Cameroon became a member of the Commonwealth more or less thanks to the diplomatic skill of the Head of State, Paul Biya.

It was in 1995 that Cameroon was admitted into the gentlepeople’s club during the Auckland Summit, which held in New Zealand on November 11 to 13 that year. In joy, President Paul declared a public holiday in Cameroon to mark the country’s entry into this organization; it showed the importance he attached to the admission of the country and influence of the Commonwealth. President Biya’s country thereafter became the second bilingual country to join the organization after Canada.
Striking a balance of good practices enshrined both in the Francophonie and the Commonwealth to which Cameroon belongs because of its bilingual nature has helped to continual improve on the democratic process in Cameroon, a key drive of President Paul Biya.
Biya has given a lot of meaning to the organization within the government. The Ministry of External relations has a Minister Delegate appointed in charge of Commonwealth affairs by the Head of State. Thanks to his approach, Cameroon has moved a step ahead after celebrating the first Commonwealth Day on March 11, 1996.

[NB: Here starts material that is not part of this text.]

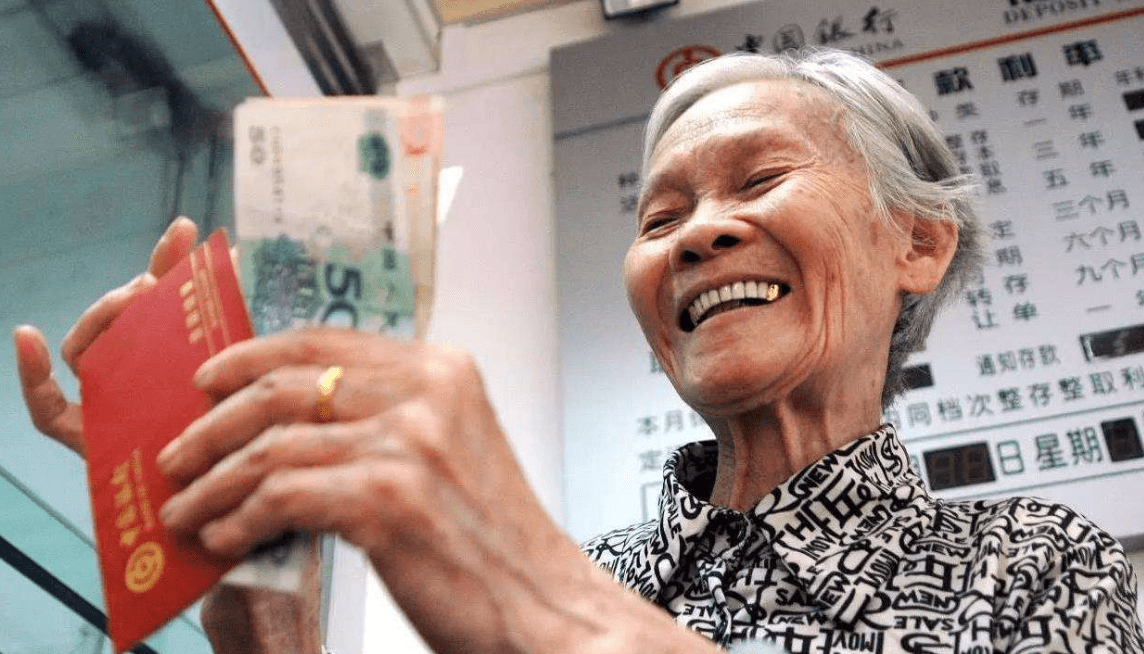 社保超过五个月未缴纳，可能会影响退休时间！快去看有你吗？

Benefits continue to trip into Cameroon after its admission into the body. 500 scholarships have been granted to Cameroonians, two investments Cameroon organized by the commonwealth Business council, the drafting of the electoral code and putting in place of the election management body, ELECAM to name but these, are some of the gains.

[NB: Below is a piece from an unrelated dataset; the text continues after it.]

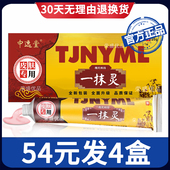 支持试用 中逸堂一抹灵男女皮肤外用乳膏 一抹灵正品 官方旗舰店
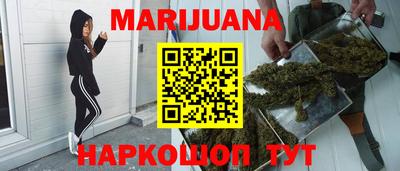 бутик Ипатово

The President has also supported Cameroon’s files to host activities relating to the Commonwealth. Ahead of the 2014 conference in Yaoundé, the seat also hosted the 2009 Commonwealth Women Parliamentarians conference during which women asked for the involvement of more women in politics; and by 2011 two female candidates; Kah Walla and Dang Esther ran for the office of President and in 2013 twenty women (20) made their way into the Senate, and 56 (31%) in the National Assembly thanks to the electoral law which gave the opportunity to women.
Coming to open the conference personally even as he mourns the death of his mother –in- law Rosette-Marie Mboutchouang née Ndongo Mengolo  shows his interest in the activities of the Commonwealth; more the Commonwealth Parliamentary Association to which he is the Vice-patron.